## Task
Please make an exact copy of the lines from the one holding "Tagatuli parem Volvo" through the end of the data, both ends included, with no pictures.

[[ Provided data open ]]

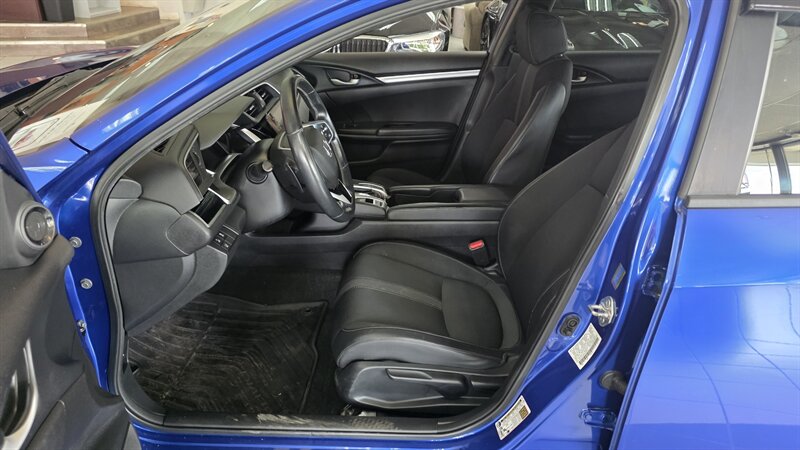 2019 Honda Civic Sport 4DR SEDAN - Photo 9 - Hamilton, OH 45015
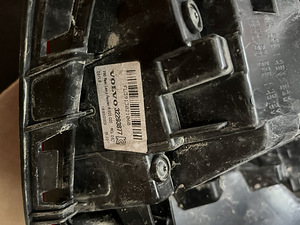 Tagatuli parem Volvo V90 2019- / varuosakood 32293877 / EU (2 foto / 5)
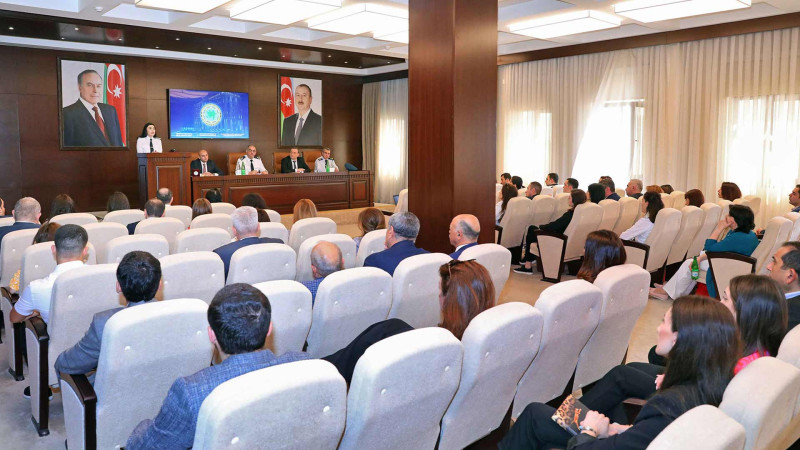 Əcnəbi tələbələrin miqrasiya məsələləri ilə əlaqədar görüş baş tutub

[[ Provided data closed ]]

## Answer to the problem
 Tagatuli parem Volvo V90 2019- / varuosakood 32293877 / EU (2 foto / 5)
 Əcnəbi tələbələrin miqrasiya məsələləri ilə əlaqədar görüş baş tutub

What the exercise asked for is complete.